Did you know that you can easily install a simple single-node Hadoop cluster on your Windows PC or laptop? Normally, Hadoop runs on Unix computers. However, thanks to modern virtualization technology, you can run a complete sandbox version of Hadoop within a virtual Linux server on your personal computer, for free. This installation is ideal for learning and exploring how to use Hadoop. I will teach you how to install and run the Hortonworks sandbox version of Hadoop on your Windows computer in this tutorial.
Step 1: Install VMware Player
If you don’t already have VMware running on your computer, you’ll need to install VMware Player v5 or higher on your Windows computer. This software is free for personal use. I have found that installing VMware Player v5 on my 64-bit Windows 7 computer to be reliable and causes no problems. VMware Player can also be installed on a Linux computer. If you have a Mac, you’ll need to purchase and install the VMware Fusion software instead.
Download and install “VMware Player for Windows 32-bit and 64-bit“. It took me 4 minutes to download the VMware-player-5.0.1-894247.exe installer file, and 2 minutes to install the software on my Windows 7 computer, with no need to reboot. VMware Player requires 150 MB free disk space. Go to your Windows Start Menu and launch VMware Player (you may skip the upgrade to VMware Workstation).
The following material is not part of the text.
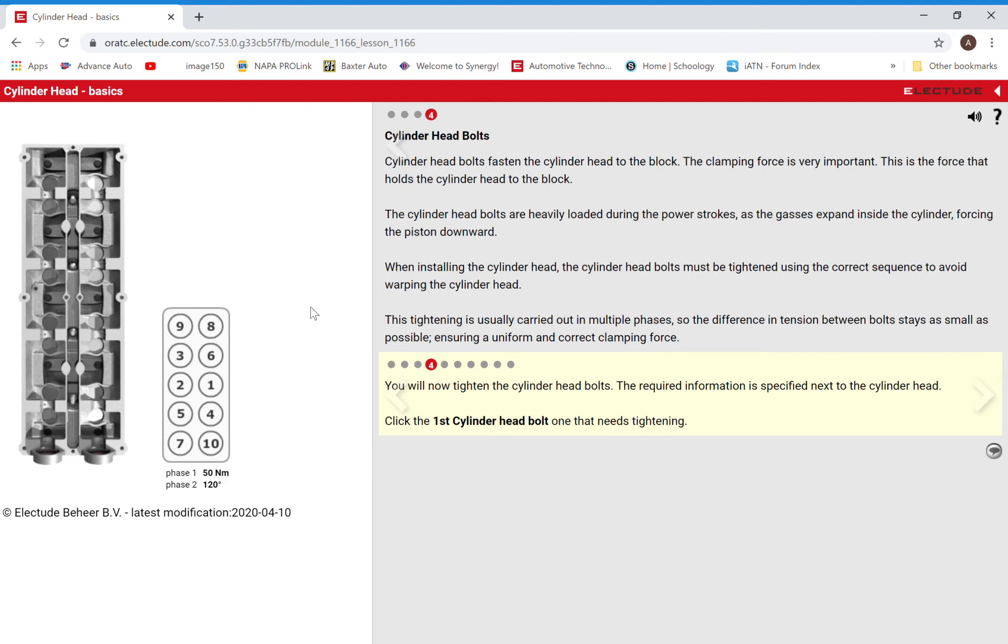Okay, so I'm going to show you how to torque down the head bolts on this module here. We have the cylinder head basics. We're in the last chapter here, page 4.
See the full step-by-step instructions on installing VMware Player if you require additional details.
Step 2: Install Hortonworks Hadoop Sandbox
Download the Hortonworks Hadoop Sandbox for VMware. The VMware Fusion and VMware Workstation versions are compatible with the VMware Player that you had just installed in Step 1. It took 1 hour 47 minutes to download the 2 GB “Hortonworks+Sandbox+1.2+1-21-2012-1+vmware.ova” file from the Hortonworks Amazon S3 directory.
While waiting for the VMware OVA file to download, you can watch the below sandbox overview video from Hortonworks (8 minutes 35 seconds) and read the sandbox installation instructions.
Step 3: Run Hadoop!
Within the VMware Player application that you had installed and started running in Step 1, either go to the Player menu, and select “File/Open..”, or choose “Open a Virtual Machine” from the welcome screen. Locate the directory where you had downloaded the VMware image Hortonworks sandbox file “Hortonworks+Sandbox+1.2+1-21-2012-1+vmware.ova” and select that OVA file to open. You’ll be prompted for the name of the new virtual server instance, and where on your host Windows machine VMware should store the instance image file–okay to accept the defaults. It may take a few minutes for the new virtual machine to be imported. FYI, your Windows computer is the host system, whereas the CentOS 64-bit Linux system, bundled free with the Hortonworks Sandbox, is the virtual guest system from the VMware point of view.
You’re now ready to click “Play virtual machine” to start running your new sandbox instance.
Your guest Linux system will now start up, along with all necessary software for Hadoop to run including a web server. The beauty of using a virtual server is that 1) you don’t need to have another physical computer under your desk along with the associated power and network cables, monitor, and other accessories, to experiment with Hadoop, 2) you can install it on your laptop and run Hadoop there without needing to connect to the network, and 3) your separate virtual server won’t mess up anything you have on your main Windows computer, and can be easily uninstalled when no longer needed.
Once everything starts up, then you will see instructions on how to access the Hortonworks Sandbox. Look for the URL with the IP address such as http://192.168.40.128 in the below screenshot. Note that your IP address may be different than mine.
In a web browser such as Firefox or Chrome, go to the Sandbox URL IP address. You should see a Hortonworks Sandbox welcome screen with options to view some overview videos, to start the tutorial, or jump straight into the sandbox. Since we’re eager to run Hadoop, let’s go straight to the third choice: click on the green Start button under “Use the Sandbox.”
You will now see the HUE web-based environment for the sandbox. By default you will start in the Beeswax screen. Let’s click on “My Queries” then click on the “Sample: Top salary (copy)” query name.
You will then see the sample Hive query in the Query Editor. If you have used relational databases before, you will notice that the Hive query looks very similar to standard SQL. The other method of querying Hadoop would be via Pig, which is more of a pipeline method of constructing Hadoop queries than Hive, but will require a little steeper learning curve than Hive for those already familiar with SQL. Let’s stick with Hive for this initial run. Click on the Execute button to start running the Hive query.
Now your query will start running for a minute or so. The HUE environment will update the log output to the screen for you to see the progress and any error messages. This is a good time to step away from the computer and do something healthy while your “Big Data” query is running.
After a few minutes, your query results will show up on the screen.
Congratulations! You have now installed Hadoop and successfully run your first Hive query. You are on your way to becoming a wizard in Hadoop!
As the next step, you can continue with following the step-by-step tutorial from the Hortonworks Sandbox welcome screen to get more hands-on practice with Hive and Pig for data processing in Hadoop.